As vidas que pertencem ao tráfico

Publicado em 30 de Outubro de 2025

Os campos de concentração que marcaram o século passado são estudados como fato histórico ou como uma espécie de forma final de um eterno fascismo.

Nossa intelligentsia posa como classe combatente desse eterno fascismo e de qualquer fragmento de nazismo que ameaça constantemente retornar.

Mas jamais as vozes públicas do debate nacional esboçaram estudar ou compreender o paradigma político-jurídico que possibilitou a estruturação de campos de concentração.

Os criminosos de alta periculosidade hoje, no Brasil, estão mais revestidos de direitos, amparo legal e dispositivos processuais de garantia da isonomia, o que mostra a necessidade de uma ordem política que garanta a suspensão de direitos, tribunais de exceção e uma polícia imune aos órgãos de vigilância e justiça.

Um sistema complexo como os campos de concentração, que possibilitaram os massacres administrativos nazistas — como já anuncia o termo de Hannah Arendt: o massacre é técnico, administrado e sistemático —, não subsistiria na barbárie total, em um caos privado de instituições, mas em uma ordem política onde as instituições são uma casa de máquinas amoral, governada por tiranos desumanos que comandam o massacre de seus altos postos.

É necessário um arranjo institucional que não diferencie o político do policial, o exercício do poder soberano fundamentado no poder nacional e o poder policial que vigia, pune e sanciona segundo seu cânone jurídico.

O campo de concentração é o espaço político onde o poder policial é absoluto: o guarda, a polícia especial e o carcereiro exercem o poder sobre o interno do campo, que está despido de todos os direitos. Em certo sentido, o interno do campo de concentração é um homo sacer: uma vida matável, desprovida de direitos e proteção das instituições — inserida na ordem política exclusivamente para a exclusão de seus direitos.

Se o campo de concentração demanda uma burocracia organizada para administrar o massacre e um espaço político que institui um poder soberano e a exclusão de direitos, estariam muito longe as favelas dos campos de concentração?

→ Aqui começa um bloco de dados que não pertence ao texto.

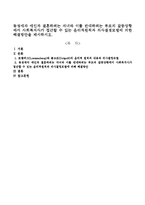 동성애자 애인과 결혼하려는 자녀와 이를 반대하려는 부모의 갈등상황에서 사회복지사가 접근할 수 있는 윤리적원칙과 의사결정모델에 의한-1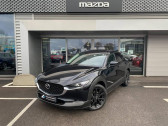 Mazda CX-30 occasion année 2023 boite Automatique Annonce Mazda CX-30 occasion Hybride 2.0 e-SKYACTIV-X M-Hybrid 186ch Exclusive BVA 2022 à Cesson-Sévigné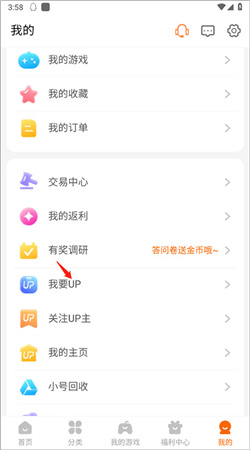 bt游戏盒子无限平台币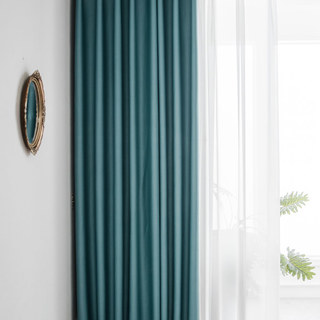 Superthick Turquoise Green Blackout Curtain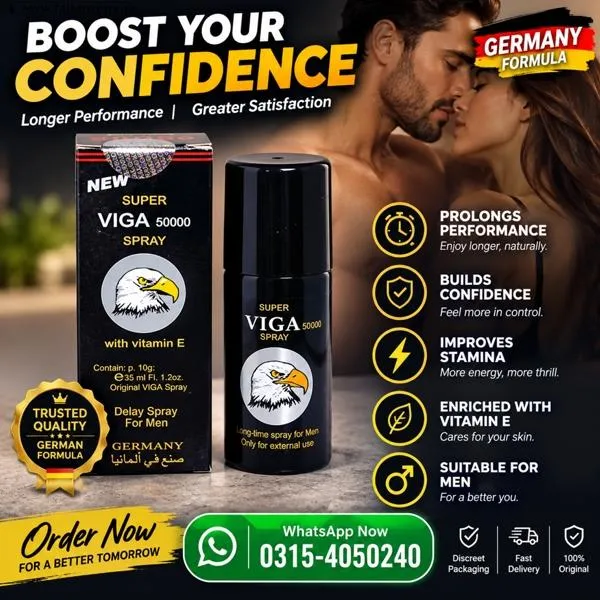 Viga 50000 Delay Spray Price In Pakistan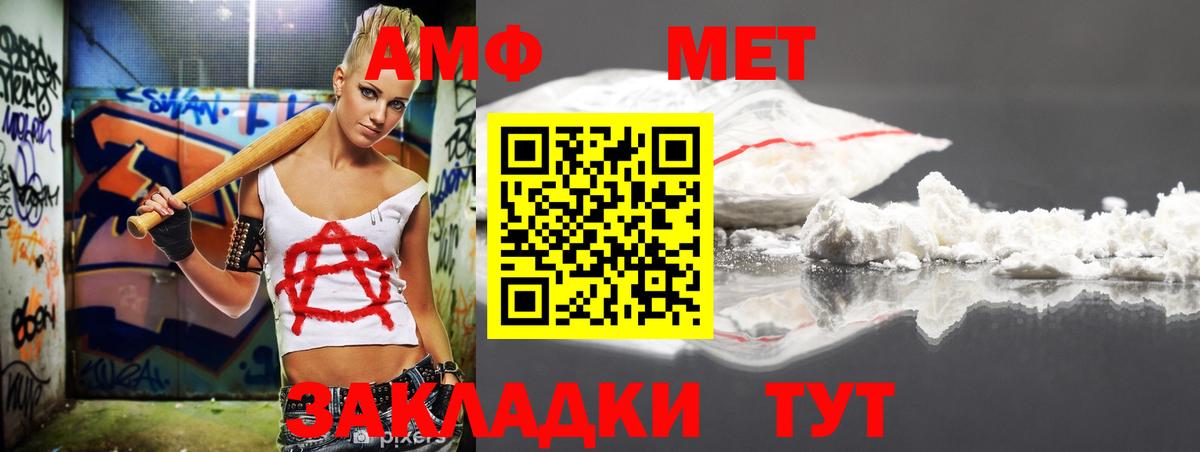 Буйнакск  АМФЕТАМИН  Вход с VPN  АМФ 98% 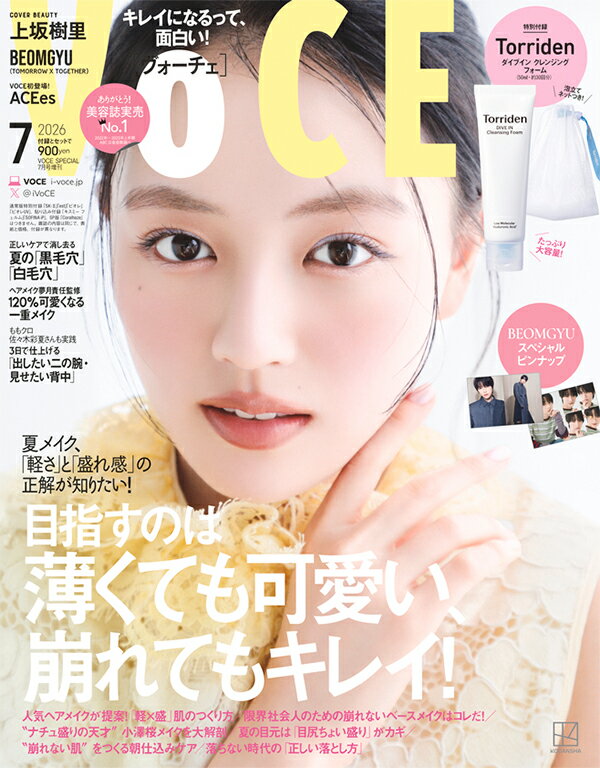 VOCE SPECIAL 7月号増刊 2026年 7月号 [雑誌]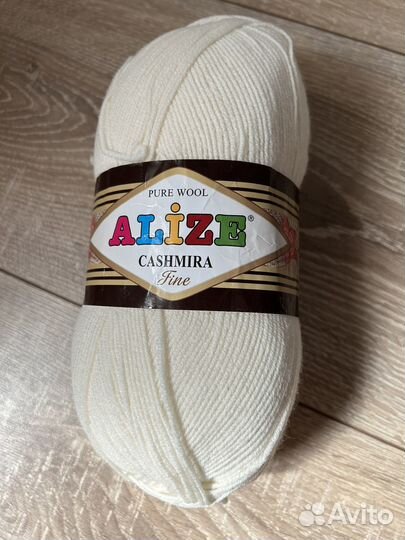 Пряжа для вязания Alize Pure Wool Kashmira новая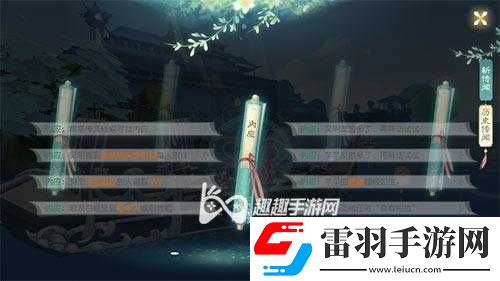 花與劍尋找內應傳聞詳細攻略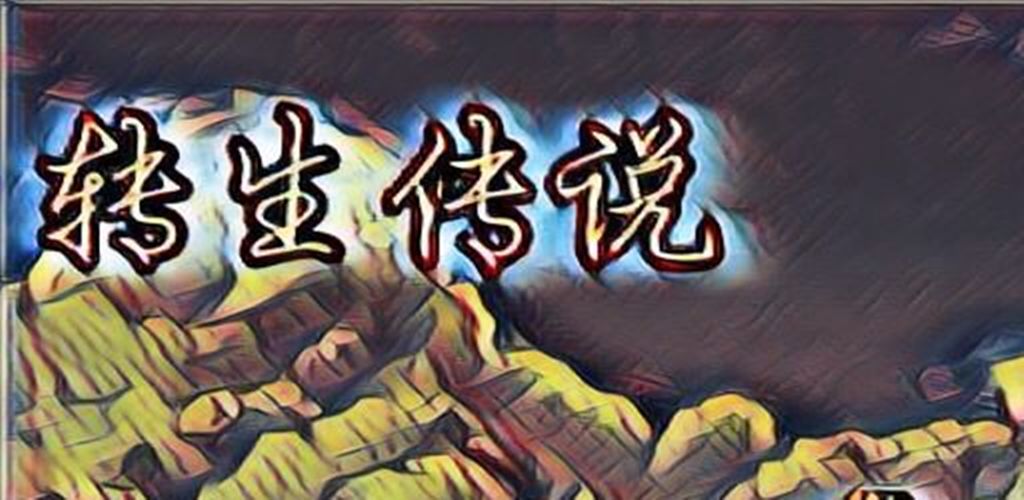 转生传说(2)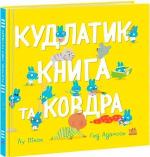 Купить Кудлатик, книга та ковдра Лу Пикок, Гед Адамсон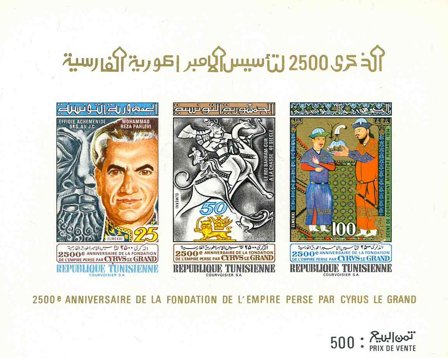 Tunesien - YT 5a postfrisk utakket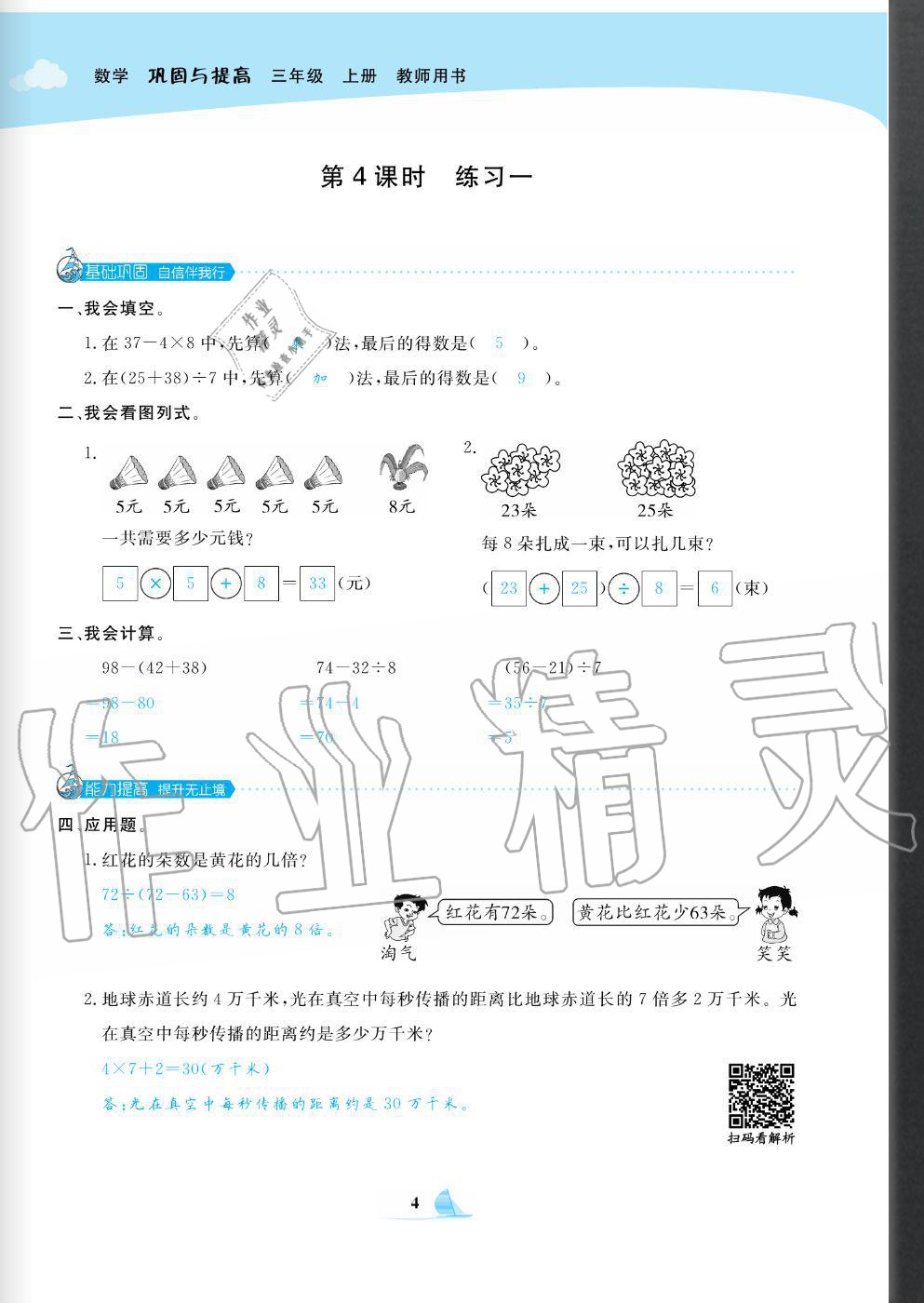 2020年快樂小博士鞏固與提高三年級數(shù)學上冊北師大版 參考答案第6頁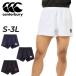  canterbury мужской регби шорты canterbury широкий длина ног 9cm шорты регби одежда легкий скорость . Rugger мужской одежда тренировка надеты /RG224514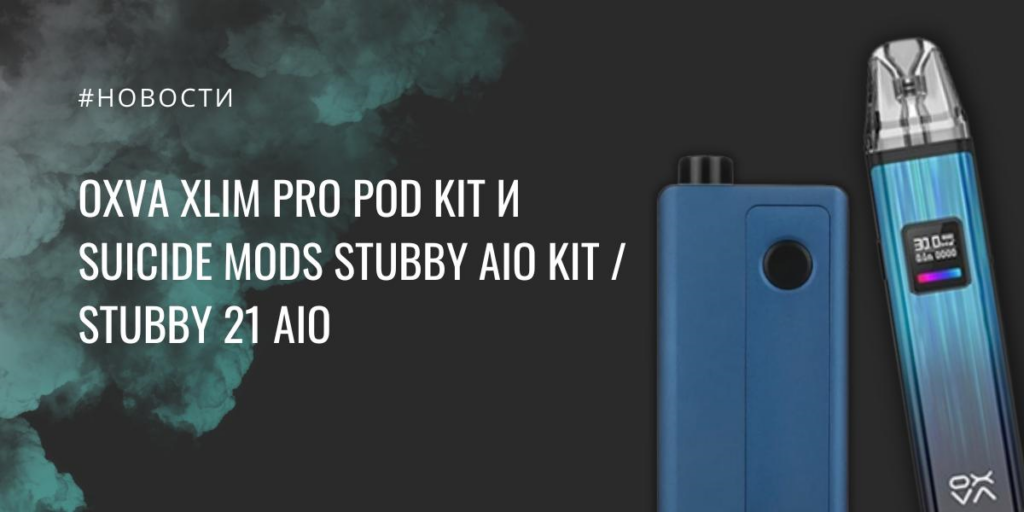 Oxva XLIM Pro POD kit и Suicide Mods Stubby AIO kit / Stubby 21 AIO|Oxva XLIM Pro POD kit|Цветовая палитра|Suicide Mods Stubby AIO kit / Stubby 21 AIO|Suicide Mods Stubby AIO kit / Stubby 21 AIO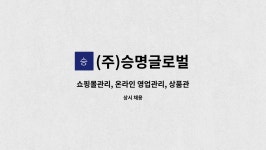 팔조 글로벌 온라인몰 | (주)승명글로벌 : 쇼핑몰관리, 온라인 영업관리, 상품관리, 고객관리 | 더팀스 쇼핑몰관리, 온라인 영업관리, 상품관리, 고객관리 by (주)승명글로벌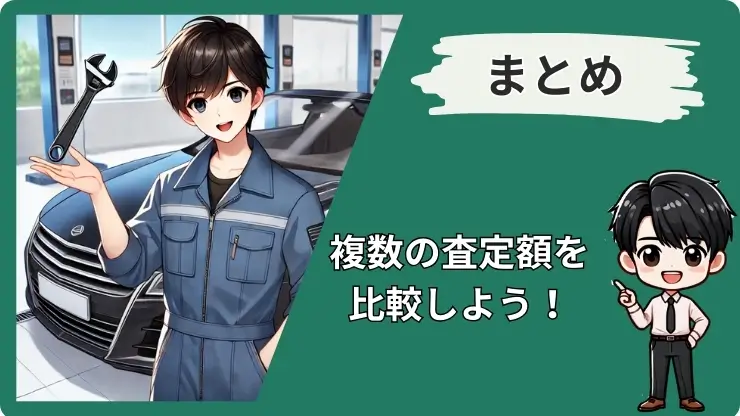 長崎県車買取業者おすすめ10選のまとめ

O morador da favela que está sob jurisdição da burocracia do crime não seria uma vida sem direitos, uma espécie de homo sacer diante da facção dominante?

Moradores usados como escudos humanos, coagidos, ameaçados ou obrigados a fugir para não ter parte nos crimes das facções, não são sujeitos excluídos de seus direitos? Não estão igualmente sob exclusão de direitos diante das estruturas de governança do narcoestado?

Quando tal engenharia de exceções se estabiliza — tornando-se o método de governo da burocracia da facção —, o ilícito deixa de parasitar a ordem e passa a disputá-la, instaurando uma legalidade alternativa que redefine pertencimento, tributação e adjudicação.

Dizer que se trata de terrorismo não é exagero retórico, mas de reconhecimento do núcleo do fenômeno: violência sistemática, publicamente exibida e orientada a remodelar a ordem política.

A resposta adequada, por sua vez, não pode aceitar a naturalização da exceção — nem da parte criminosa, nem do próprio Estado. Requer recompor a unidade decisional legítima e a vigência ordinária da lei nos territórios concretos; proteger e fortalecer as mediações sociais que ancoram a autoridade; restaurar a previsibilidade normativa e a proximidade institucional com a vida comum.

A verdade inconveniente é que moradores das favelas são igualmente excluídos de direitos, tanto quanto os internos de um campo de concentração nazista.